--- TASK TO CARRY OUT ---
In the records below, the line with "Skórzane Sandały Ze Ściągaczem Złote Apulia" opens the range and the line with "Scared Monsters Inc" closes it; print that range exactly and nothing else.

--- DATA FOR THIS TASK ---
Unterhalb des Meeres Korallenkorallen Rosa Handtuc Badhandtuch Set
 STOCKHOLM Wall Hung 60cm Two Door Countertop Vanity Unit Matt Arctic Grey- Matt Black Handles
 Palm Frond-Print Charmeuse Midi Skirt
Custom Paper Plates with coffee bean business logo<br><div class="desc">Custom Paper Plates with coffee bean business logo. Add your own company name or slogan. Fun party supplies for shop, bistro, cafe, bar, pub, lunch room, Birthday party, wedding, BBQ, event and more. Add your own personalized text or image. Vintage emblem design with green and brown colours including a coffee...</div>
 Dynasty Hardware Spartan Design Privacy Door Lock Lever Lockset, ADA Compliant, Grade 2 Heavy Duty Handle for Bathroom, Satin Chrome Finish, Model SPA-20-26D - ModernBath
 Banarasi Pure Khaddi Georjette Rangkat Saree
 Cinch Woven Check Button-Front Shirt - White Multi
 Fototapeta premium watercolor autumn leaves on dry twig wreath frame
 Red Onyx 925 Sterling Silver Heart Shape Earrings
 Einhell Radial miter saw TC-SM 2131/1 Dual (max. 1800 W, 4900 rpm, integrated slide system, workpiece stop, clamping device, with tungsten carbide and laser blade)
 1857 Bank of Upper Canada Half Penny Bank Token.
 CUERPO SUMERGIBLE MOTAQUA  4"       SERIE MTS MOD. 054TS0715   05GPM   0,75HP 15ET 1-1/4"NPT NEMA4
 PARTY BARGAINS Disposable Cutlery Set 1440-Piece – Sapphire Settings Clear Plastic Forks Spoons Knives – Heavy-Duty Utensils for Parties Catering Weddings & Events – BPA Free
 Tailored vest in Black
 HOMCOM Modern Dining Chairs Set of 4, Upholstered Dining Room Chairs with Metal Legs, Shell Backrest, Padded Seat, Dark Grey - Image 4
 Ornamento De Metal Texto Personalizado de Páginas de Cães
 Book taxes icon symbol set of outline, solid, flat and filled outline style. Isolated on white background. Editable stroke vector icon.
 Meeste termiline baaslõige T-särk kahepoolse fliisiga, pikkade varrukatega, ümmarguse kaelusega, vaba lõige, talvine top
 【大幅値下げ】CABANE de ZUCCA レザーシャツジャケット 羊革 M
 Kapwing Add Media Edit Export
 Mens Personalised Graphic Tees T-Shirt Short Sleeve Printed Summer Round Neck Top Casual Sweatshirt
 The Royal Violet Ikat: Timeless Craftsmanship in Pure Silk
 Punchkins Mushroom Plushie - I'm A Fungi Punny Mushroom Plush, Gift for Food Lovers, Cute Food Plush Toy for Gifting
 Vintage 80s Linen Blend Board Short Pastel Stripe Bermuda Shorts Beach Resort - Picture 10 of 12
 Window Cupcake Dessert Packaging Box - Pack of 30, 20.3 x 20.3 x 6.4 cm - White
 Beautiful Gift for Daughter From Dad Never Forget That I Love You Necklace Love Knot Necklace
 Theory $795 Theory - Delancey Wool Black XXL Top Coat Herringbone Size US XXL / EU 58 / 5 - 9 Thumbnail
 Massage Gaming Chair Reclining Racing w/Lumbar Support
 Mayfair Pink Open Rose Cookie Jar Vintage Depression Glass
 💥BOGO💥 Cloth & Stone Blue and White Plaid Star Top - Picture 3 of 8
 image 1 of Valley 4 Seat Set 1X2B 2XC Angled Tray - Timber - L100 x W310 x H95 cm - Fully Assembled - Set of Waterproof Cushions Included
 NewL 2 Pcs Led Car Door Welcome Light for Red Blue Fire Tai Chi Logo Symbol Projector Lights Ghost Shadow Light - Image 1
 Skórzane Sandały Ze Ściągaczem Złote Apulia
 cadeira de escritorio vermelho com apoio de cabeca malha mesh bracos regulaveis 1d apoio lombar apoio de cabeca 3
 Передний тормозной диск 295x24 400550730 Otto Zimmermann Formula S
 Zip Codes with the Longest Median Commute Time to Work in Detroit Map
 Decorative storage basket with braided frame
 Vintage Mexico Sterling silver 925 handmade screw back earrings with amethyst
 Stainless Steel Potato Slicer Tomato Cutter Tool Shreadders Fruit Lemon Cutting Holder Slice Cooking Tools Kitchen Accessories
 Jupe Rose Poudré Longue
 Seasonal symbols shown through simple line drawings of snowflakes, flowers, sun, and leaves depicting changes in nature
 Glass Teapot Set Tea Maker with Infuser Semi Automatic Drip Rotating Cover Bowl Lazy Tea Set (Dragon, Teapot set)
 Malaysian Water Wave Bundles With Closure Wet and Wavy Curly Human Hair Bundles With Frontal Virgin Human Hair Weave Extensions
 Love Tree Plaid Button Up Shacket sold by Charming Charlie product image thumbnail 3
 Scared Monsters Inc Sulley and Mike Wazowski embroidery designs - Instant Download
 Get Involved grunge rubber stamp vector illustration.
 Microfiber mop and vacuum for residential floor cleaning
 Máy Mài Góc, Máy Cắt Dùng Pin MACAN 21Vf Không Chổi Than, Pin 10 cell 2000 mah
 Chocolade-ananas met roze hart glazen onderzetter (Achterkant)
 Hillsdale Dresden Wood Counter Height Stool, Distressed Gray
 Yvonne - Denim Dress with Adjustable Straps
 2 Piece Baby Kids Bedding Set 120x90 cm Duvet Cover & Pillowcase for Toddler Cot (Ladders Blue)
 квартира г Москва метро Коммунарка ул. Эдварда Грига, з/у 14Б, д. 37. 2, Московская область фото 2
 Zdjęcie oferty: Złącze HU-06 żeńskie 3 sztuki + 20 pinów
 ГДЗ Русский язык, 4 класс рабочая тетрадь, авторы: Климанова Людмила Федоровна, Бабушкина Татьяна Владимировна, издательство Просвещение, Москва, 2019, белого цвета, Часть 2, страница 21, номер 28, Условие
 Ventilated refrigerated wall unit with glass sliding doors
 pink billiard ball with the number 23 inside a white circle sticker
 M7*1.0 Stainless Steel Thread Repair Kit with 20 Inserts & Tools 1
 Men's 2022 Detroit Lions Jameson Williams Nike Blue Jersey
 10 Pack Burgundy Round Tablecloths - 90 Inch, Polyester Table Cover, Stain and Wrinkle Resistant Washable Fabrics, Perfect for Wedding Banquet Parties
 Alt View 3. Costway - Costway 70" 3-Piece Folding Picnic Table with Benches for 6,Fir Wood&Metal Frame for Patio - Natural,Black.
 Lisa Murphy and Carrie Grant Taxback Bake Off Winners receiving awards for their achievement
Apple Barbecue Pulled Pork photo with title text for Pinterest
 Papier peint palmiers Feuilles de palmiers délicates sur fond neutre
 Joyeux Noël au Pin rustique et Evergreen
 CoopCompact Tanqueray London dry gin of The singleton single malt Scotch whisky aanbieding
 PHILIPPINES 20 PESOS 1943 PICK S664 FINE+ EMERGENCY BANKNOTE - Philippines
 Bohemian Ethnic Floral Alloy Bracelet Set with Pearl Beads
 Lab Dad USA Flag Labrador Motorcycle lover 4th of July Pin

--- WRITTEN ANSWER ---
 Skórzane Sandały Ze Ściągaczem Złote Apulia
 cadeira de escritorio vermelho com apoio de cabeca malha mesh bracos regulaveis 1d apoio lombar apoio de cabeca 3
 Передний тормозной диск 295x24 400550730 Otto Zimmermann Formula S
 Zip Codes with the Longest Median Commute Time to Work in Detroit Map
 Decorative storage basket with braided frame
 Vintage Mexico Sterling silver 925 handmade screw back earrings with amethyst
 Stainless Steel Potato Slicer Tomato Cutter Tool Shreadders Fruit Lemon Cutting Holder Slice Cooking Tools Kitchen Accessories
 Jupe Rose Poudré Longue
 Seasonal symbols shown through simple line drawings of snowflakes, flowers, sun, and leaves depicting changes in nature
 Glass Teapot Set Tea Maker with Infuser Semi Automatic Drip Rotating Cover Bowl Lazy Tea Set (Dragon, Teapot set)
 Malaysian Water Wave Bundles With Closure Wet and Wavy Curly Human Hair Bundles With Frontal Virgin Human Hair Weave Extensions
 Love Tree Plaid Button Up Shacket sold by Charming Charlie product image thumbnail 3
 Scared Monsters Inc Sulley and Mike Wazowski embroidery designs - Instant Download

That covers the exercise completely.